Empirical and other academic studies that review only "proxy fights" while excluding pressure campaigns and most contest settlements miss this considerably larger universe of shareholder activism entirely, and consequently unintentionally understate its significance. (189) In 2005, for example, only 10 of the situations in this Article's survey counted as tracked "proxy fights" in the widely-used Georgeson Shareholder Annual Corporate Governance Review data. (190) Acquiring a better understanding of hedge fund activism means probing deeper into publicly reported hedge fund campaigns--something this Article has taken a first step towards doing--though even then quiet settlements, private negotiations, and some less-reported situations are inevitably missed. (191) It only remains certain that hedge fund activism plays a far more important role in corporate governance than a simple look at the raw numbers would first suggest.
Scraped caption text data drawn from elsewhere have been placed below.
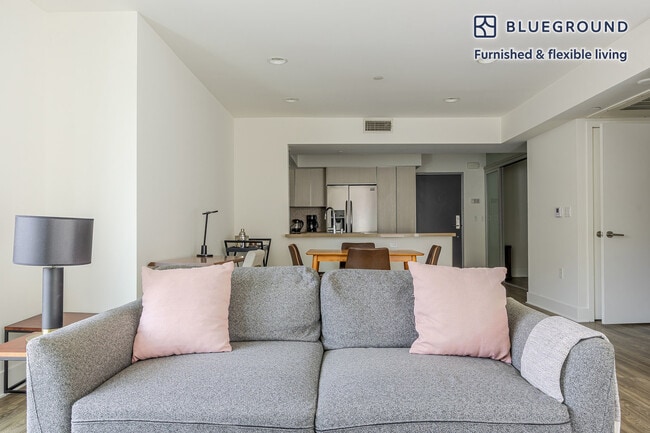 10473 Santa Monica Blvd in Los Angeles, CA - Building Photo - Building Photo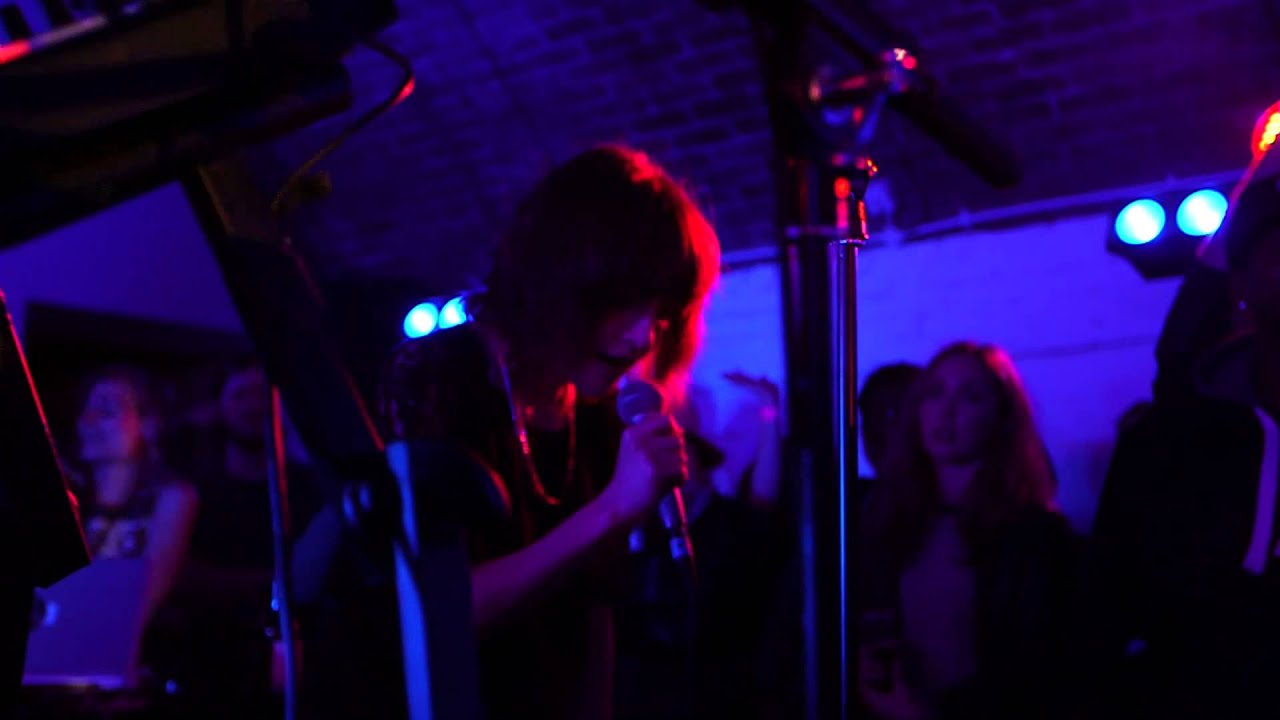 CHVRCHES 'Gun' Boiler Room LIVE Show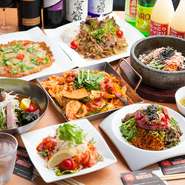 キムチやナムルなどの韓国料理や自慢のタレはすべて店で手づくりしています。繁忙時も肉の切り置きせず、オーダーが入ってから手切りをして提供するなど、妥協を許さない料理人の姿勢が一皿一皿から伝わります。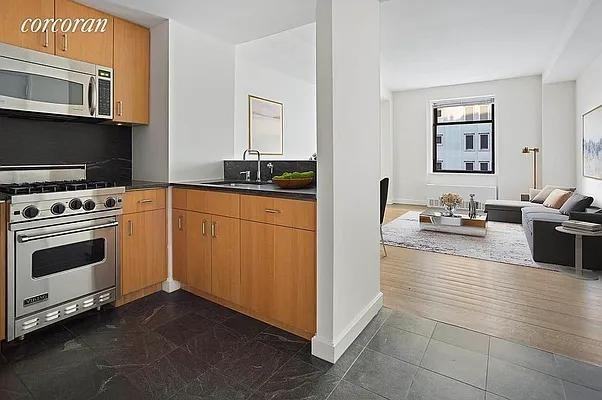 W 58th St #14E - Photo 2 of 20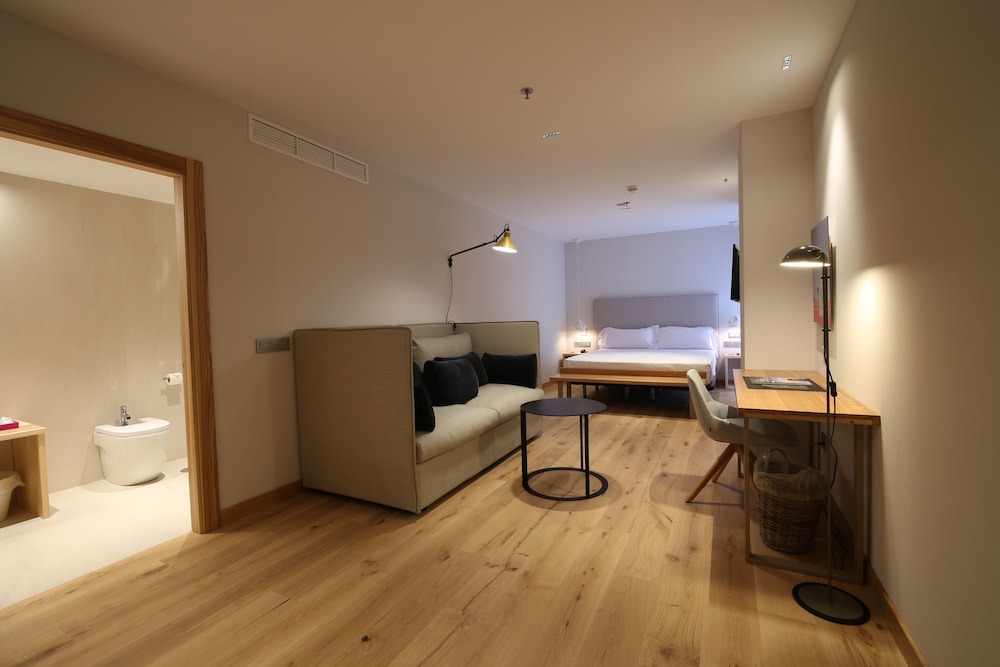 Family Room - Photo 3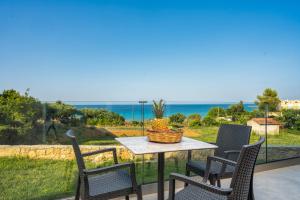 Amoudi Studios Apartments Hotel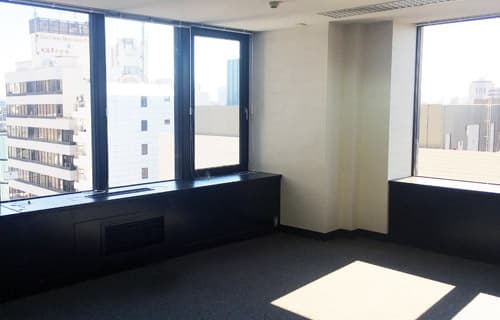 個室_窓側の個室は明るい光がしっかりと入り大変開放的です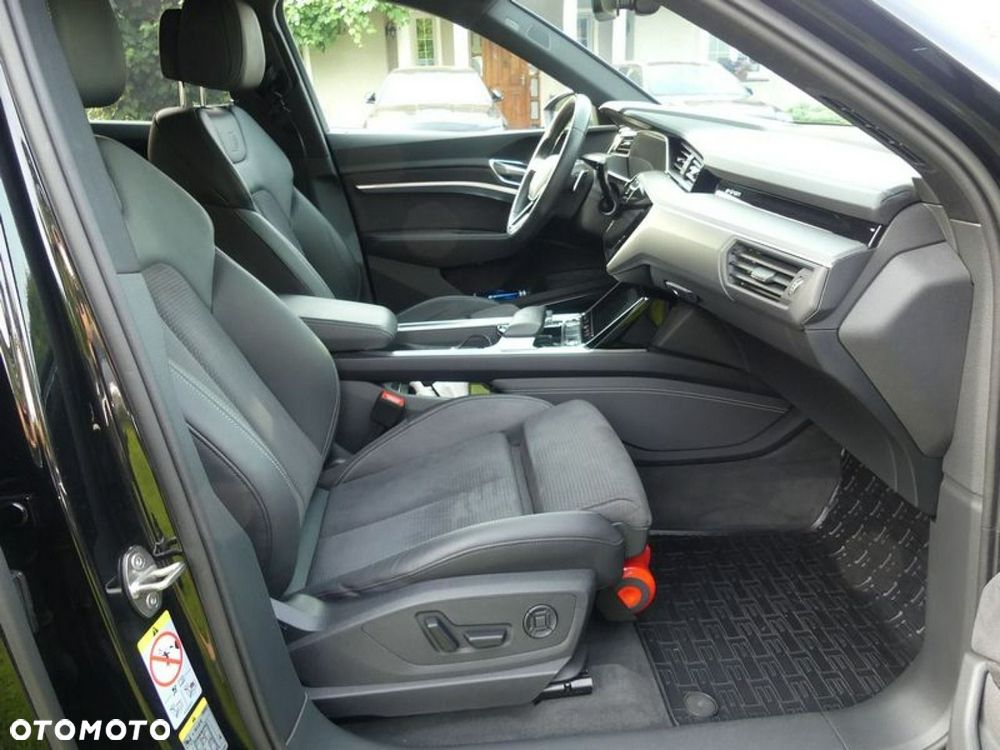 Audi e-tron Sportback - 8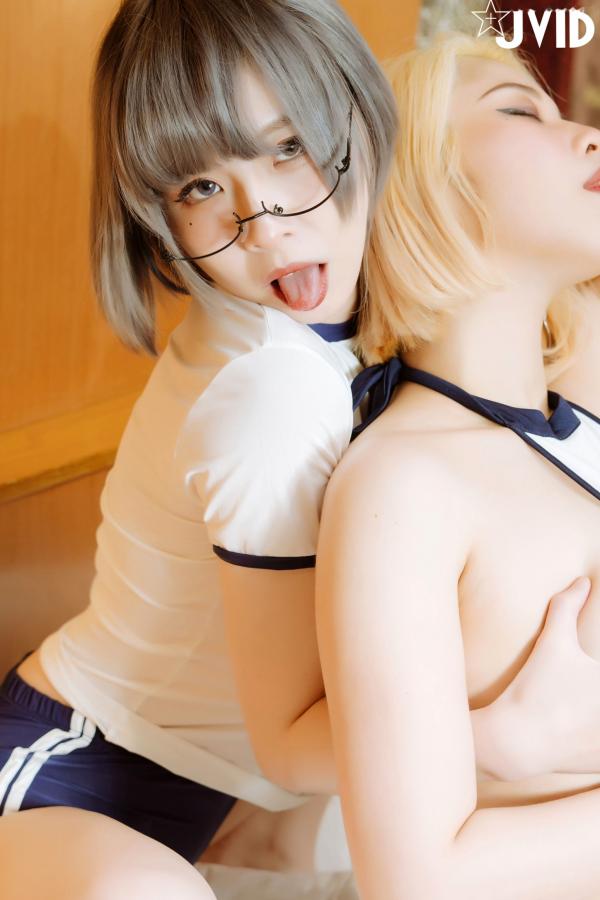    JVID黎菲儿与黎葵司私房写真：活力运动装与大胆高叉泳衣，欧美日系风格双倍视觉诱惑第79张图片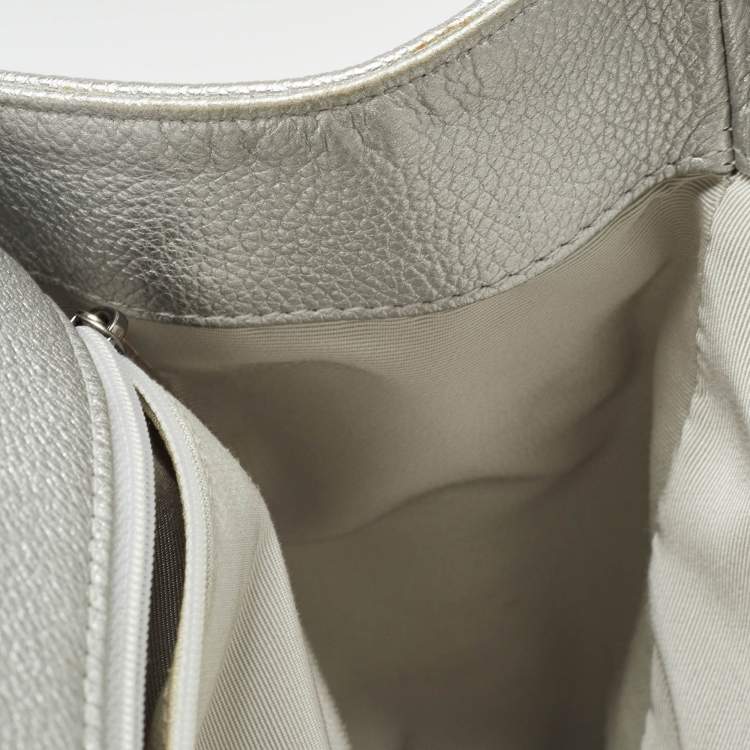 Pre Owned Chanel Silver Quilted Leather Casual Rock Airline Backpack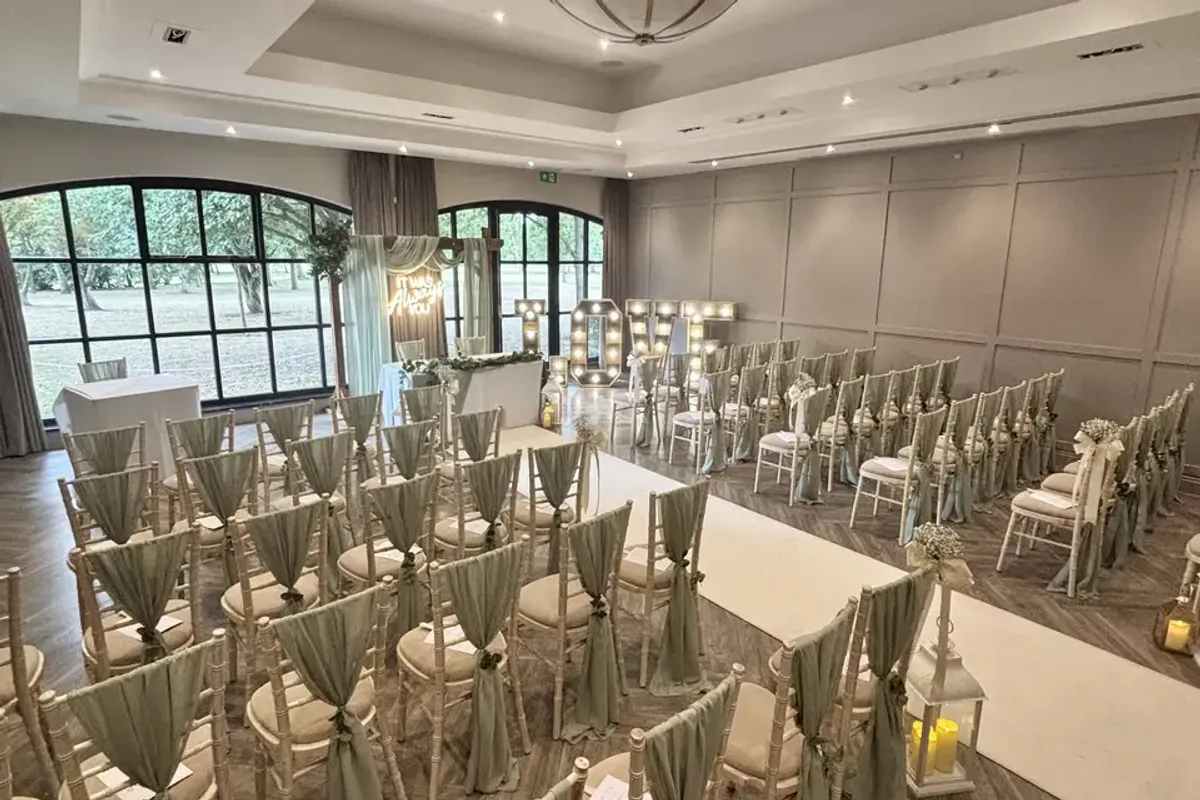 Everything Covered Wedding Venue Styling photo 2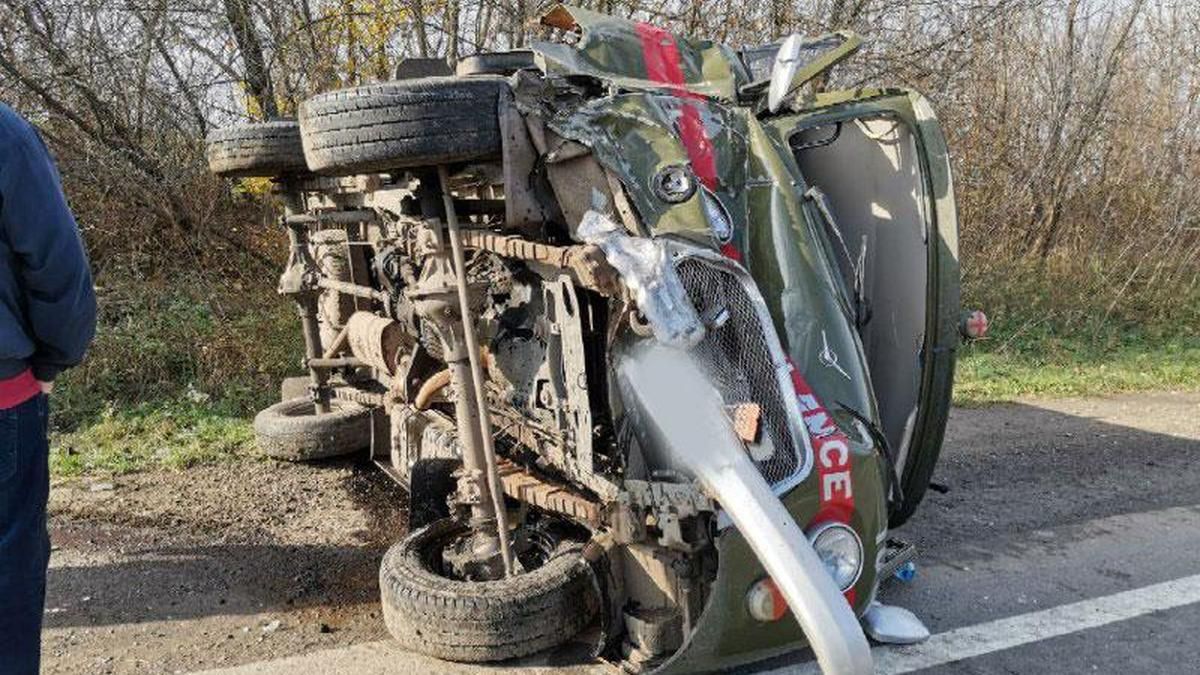 На Рівненщині сталася ДТП за участю 4 машин та швидкої На Рівненщині сталася ДТП за участю 4 машин та швидкої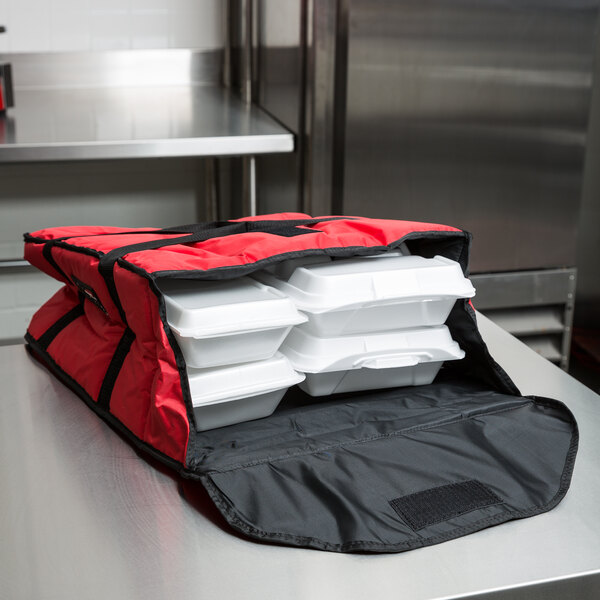 Rubbermaid FG9F3600RED ProServe Medium Red Insulated Nylon Pizza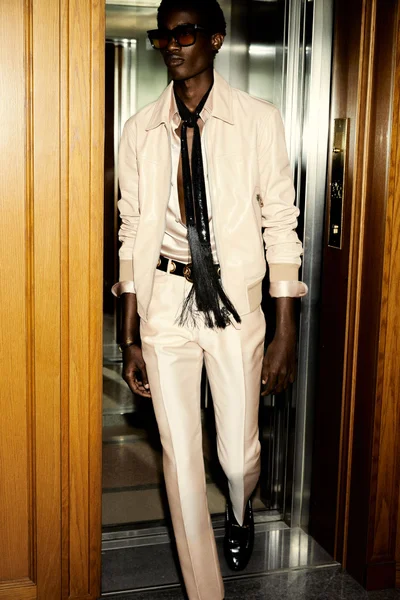 Look 12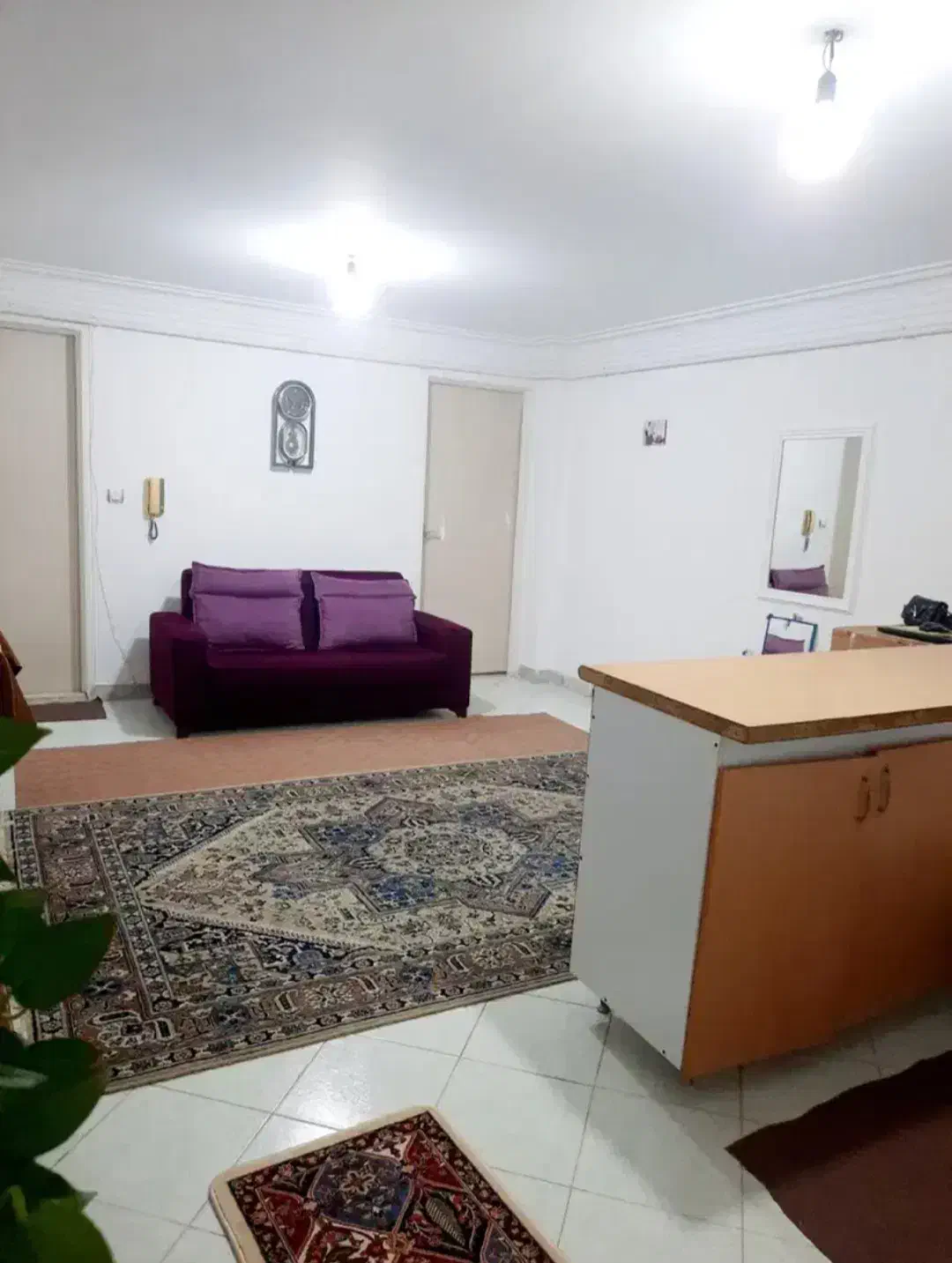 فروش واحد ۵۰ متر ۱ خواب سنددار اولین کوچه فلکه گاز|فروش آپارتمان|رشت, نامجو|دیوار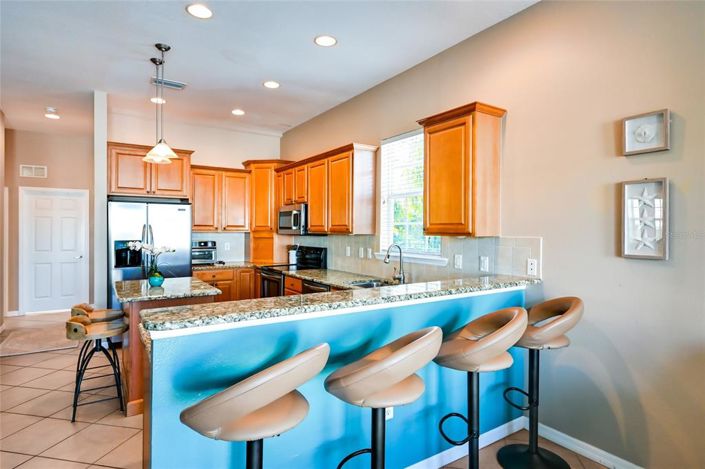 Image No.13-3 Bed Property for sale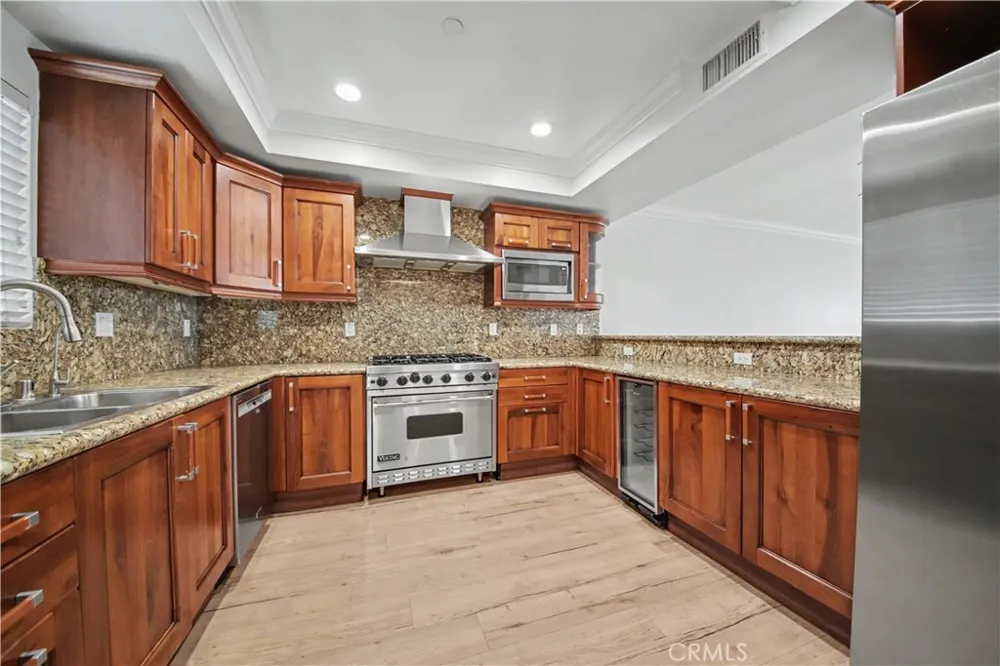 1878 Greenfield Avenue #204 Los Angeles, CA 90025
B. Activist Hedge Funds As Shareholders

Taking the reality of all this hedge fund activism and trying to fit it into the various corporate governance theories that have been worked out over the years makes for an interesting exercise. Nothing quite fits.

1. Ownership and Control

As with almost all exercises such as this one, the starting point is the 1932 classic by Adolf Berle and Gardner Means, The Modern Corporation and Private Property, (192) which first clearly articulated and popularized the notion that widely dispersed shareholdings had effectively separated ownership from control in public corporations. "Under such conditions," Berle and Means wrote, "control may be held by the directors or titular managers who can employ the proxy machinery to become a self-perpetuating body, even though as a group they own but a small fraction of the stock outstanding." (193) By the mid 1970s, the principal concern had become how shareholders (the owners) could control and monitor their agents (the directors and managers) while minimizing the "monitoring costs designed to limit the aberrant activities of the agent[s]." (194) Such activities might include almost any imaginable unremunerative sin, including shirking, chasing after perquisites, empire building, and a host of other "rent seeking" crimes. An influential group of scholars writing in this tradition came to see the corporation as a "nexus" or "set of explicit and implicit contracts" among employees, managers and other constituencies, with the shareholders getting "votes rather than explicit promises." (195) According to the theory, "[v]otes make it possible for the investors to replace the managers." (196)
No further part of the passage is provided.